The UN Security Council resolution draft on Lebanon reflects a new stage of Western colonialism in the Middle East, and perhaps a historic precedent: for the first time, the UN Security Council – should the resolution draft be endorsed – breaches the fundamental principle of the right of people under occupation to resist, and in fact legitimizes the violent partition of the sovereign state of Lebanon.
The American-French draft reflects the interests of three central colonial powers in the region: the U.S., the main colonial power in Iraq and Afghanistan; its client and proxy Israel, which is occupying the Palestinian territories of the West Bank and Gaza as well as part of Syria, and occupied south Lebanon for 22 years (1978-2000); and France, the former colonial empire in Lebanon after WWI. No wonder that the draft, which pays lip-service to Lebanon's sovereignty and territorial integrity, in fact suggests a partition of this small land.
The decisive player in Israeli politics – the military – is aware of the painful memories many Israeli families still have from 22 years in the so-called "Lebanese mud." Therefore, the reoccupation has been carried out in what the Israeli army jargon calls "a rolling operation." At first, the public and the cabinet were assured that only the air force would be used. A few days into the war, with dozens of Hezbollah missiles reaching as far as Haifa, military sources started to indicate that "Israel cannot win by using air force alone." Ground forces were sent into Lebanon, first in what was described as limited commando operations, then to take over small enclaves close to the border and "cleanse the Hezbollah front line." Four weeks into the war, Israel is seeking to reoccupy the "security zone" it abandoned six years ago, with indications that the Israeli-held area might stretch north to the Litani River and perhaps even further.

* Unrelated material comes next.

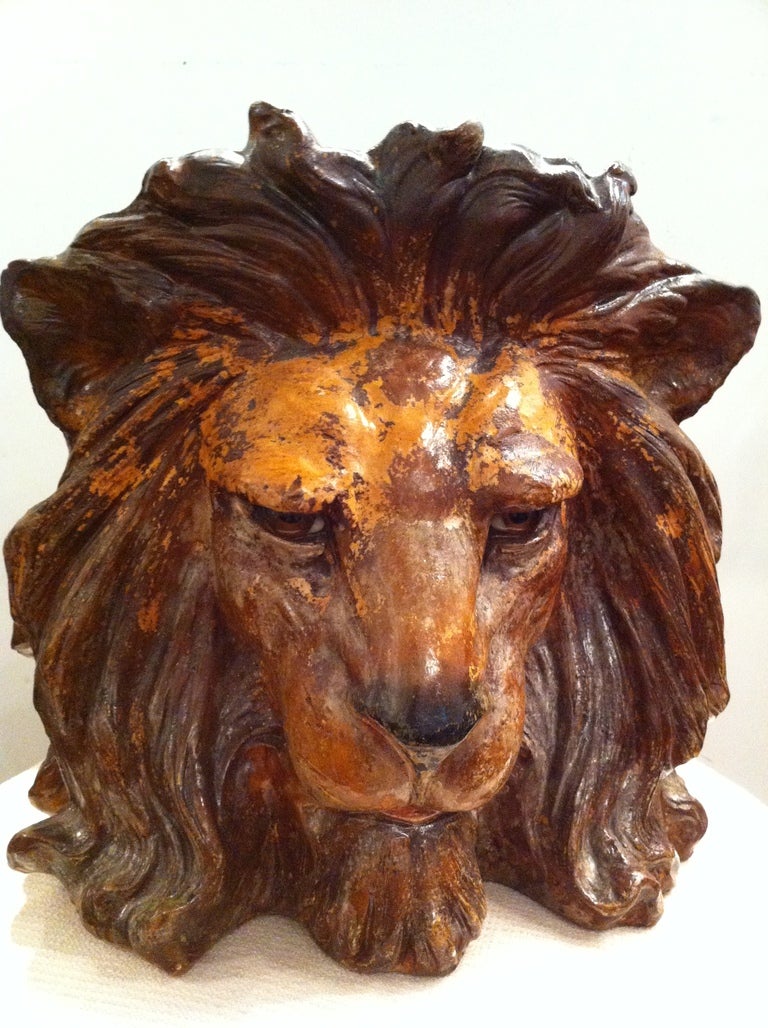 Pair Stamped Bretby ceramic Lions head planter with Glass eyes circa 1880's,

Leaflets and heavy fire directed indiscriminately at civilians have driven out most of the population of south Lebanon; many have no houses to return to. The purpose of this ethnic cleansing – similar to that carried out in Palestine in 1948 and in the occupied Palestinian territories in 1967 – is to facilitate the Israeli occupation in the future.
"A senior General Staff officer told Ha'aretz that for the first time since the fighting began, Israel plans to attack strategic infrastructure targets and symbols of the Lebanese government [...] 'we are now in a process of renewed escalation. We will continue hitting everything that moves in Hezbollah – but we will also hit strategic civilian infrastructure.' [...] IDF will recommend an additional significant expansion of the operation, including the conquest of most of Lebanon south of the Litani River, including the area around Tyre, and a significant increase in air strikes on infrastructure targets. 'It could be that at the end of the story, Lebanon will be dark for a few years,' said one." (Ha'aretz, Aug. 7, 2006)
In order to preclude any resistance to its partition, then, Lebanon should be devastated.